Esta “tradição ocidental” foi vivamente valorizada durante o Renascimento (embora a injustamente nomeada “Idade das Trevas” também tenha visto, no Ocidente, o uso de um vasto repertório de princípios políticos, em geral em luta contra a força totalizante e fatalista da instituição eclesiástica). O mais famoso dos teóricos do período, Nicolau Maquiavel, que com O Príncipe (1513) acabou levando a fama de “inventor” da ciência política, deixou claro, contra alguns poderes tradicionais do seu tempo, que a vida política é exclusivamente uma decisão das pessoas (nem sempre de todas as pessoas, no caso) e que governos são consequências de deliberação humana.

Os pensadores políticos que se sucederam até o início do século XX – dos economistas clássicos, como Smith e Ricardo, passando por teóricos de esquerda como Bakunin e Marx, chegando a sociólogos e economistas modernos como Weber e Keynes – trabalharam em sentidos diversos mas sobre este mesmo núcleo de verdade filosófica: as instituições humanas não são inescapáveis, não caem do céu à terra, e existem para fins igualmente humanos e coletivos, decididos por indivíduos ou grupos – para o bem e para o mal. Quando Thomas Morus, três anos depois do trabalho mais famoso de Maquiavel – isto é, há exatos quinhentos anos – deu à luz sua obra mestra, não quis designar com o nome de “utopia” outra coisa que não uma sociedade política regrada por um Estado. Isto, aliás, está no título original do livro: Sobre o Melhor Estado de uma República que Existe na Nova Ilha Utopia. E o “melhor estado”, no livro de Morus, não é aquele montado como fim em si mesmo ou para garantir a exploração por parte daqueles que controlam seu aparato, mas para regular a vida da sociedade de modo a proporcionar a todos os cidadãos o mesmo nível de prosperidade.

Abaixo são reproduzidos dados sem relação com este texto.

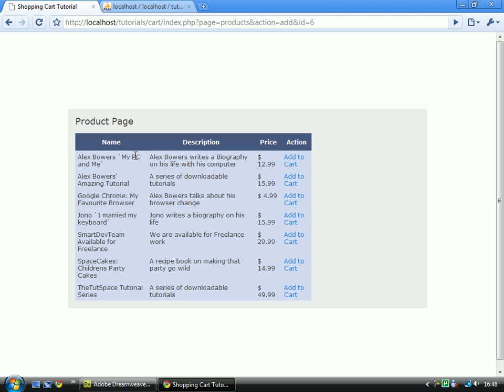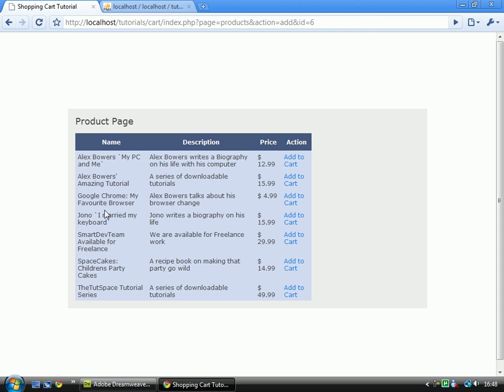And you'll notice that each of these descriptions match the actual content. So there you'll see My PC and Me, it's an autobiography, an amazing tutorial, it's a series of downloadable tutorials.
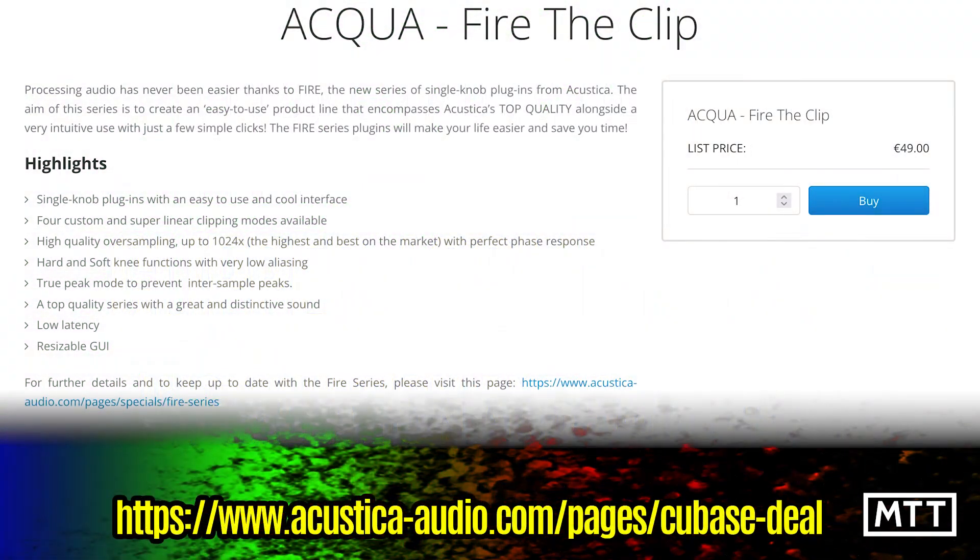Hello and welcome to this video which is about Acoustica Audio's Fire the Clip plugin, which is at the time of recording free if you own Cubase 12, whether it's Pro, Artist or Elements.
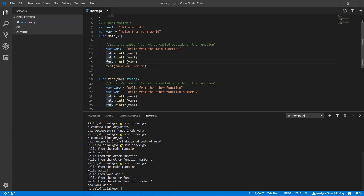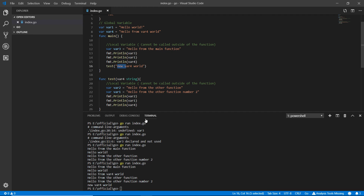The output shows 'hello from var4 world' from the global variable, then test function output, and 'new var4 world' from the parameter. Parameters are preferred over global variables — there's a global var4, but because var4 is also a parameter with the value 'new var4 world', that parameter value is printed first. Local variables and parameters are both preferred over global variables.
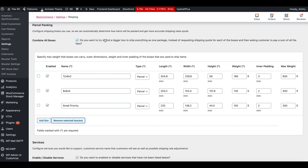In cases where you want to find a bigger box not defined here, you can choose Combine All Boxes. It will combine the dimensions and weight of all boxes necessary to ship the order and send only one request to EasyPost to get one shipping rate. Often it allows you to get a much better shipping quote.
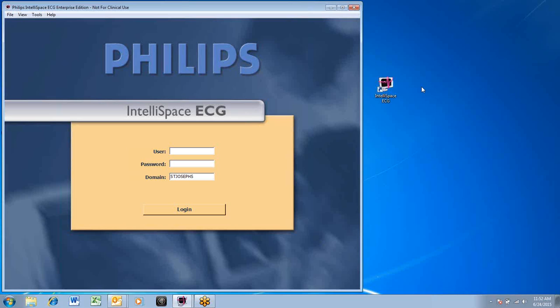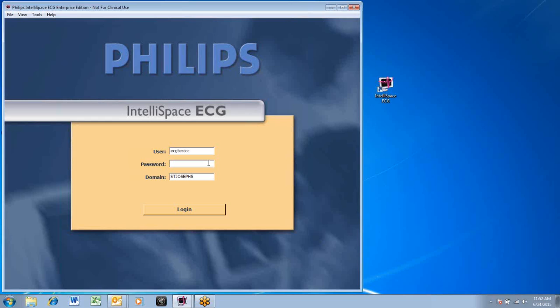The IECG icon can be found on your desktop. The first screen you will encounter is the login screen. You can obtain access to the application by contacting St. Joseph's Computer Room at ext. 33040.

Ao longo do século XX, entretanto, principalmente na medida em que nos afastamos temporalmente da grande crise sócio-político-econômica cujos marcos são as duas guerras mundiais, a nova configuração do capitalismo, cada vez mais desterritorializado, libertado através da financeirização de ativos (agora móveis em meio virtual) dos vínculos morais até então minimamente existentes entre os poucos que têm muito e os muitos que têm pouco, a tensão criadora existente entre utopia e realidade têm sido dada como resolvida em favor do segundo polo.

Cada vez mais, ao longo das últimas quatro décadas, na medida em que a experiência viva dos regimes totalitários vai desaparecendo, um novo núcleo moral tem favorecido a percepção de que a forma que a vida coletiva assume não deve mais ser objeto de deliberação e projeto, mas decorrência de novas verdades éticas – que, aliás, pretendem ser universais. Assim, em uma progressiva morte da imaginação política, as sociedades e instituições humanas nesta nova configuração do capitalismo devem corresponder aos novos pressupostos éticos – a versão radical do liberalismo econômico formulada no século XX, cuja lógica se impõe em todas as dimensões da vida, da economia aos afetos –, cabendo aos indivíduos, aos grupos e aos operadores das instituições a adequação da vida social a esta nova constituição não escrita, cuidando inclusive da sua introdução nas constituições escritas. O presente, para horror dos ficcionistas e dos mal-pagos e futuramente desnecessários e extintos filósofos políticos, não é sequer distópico – é antiutópico. O fatalismo deste tipo de pressuposto ético pode ser percebido, como sugeriu recentemente Julianne Werlin, em sua forma mais radical no vaticínio de Rafael Hitlodeu, personagem central da Utopia de Morus: “Falando claramente dos meus sentimentos reais, devo admitir livremente, que enquanto existir qualquer propriedade, e enquanto o dinheiro for a medida para todas as outras coisas, não posso pensar que uma nação possa ser governada de maneira justa ou feliz; não de forma justa, porque as melhores coisas cairão para a pior parte dos homens; nem de forma feliz, porque todas as coisas serão divididas entre poucos (e mesmo estes não são felizes em todos os aspectos), o resto sendo deixado para ser absolutamente miserável.”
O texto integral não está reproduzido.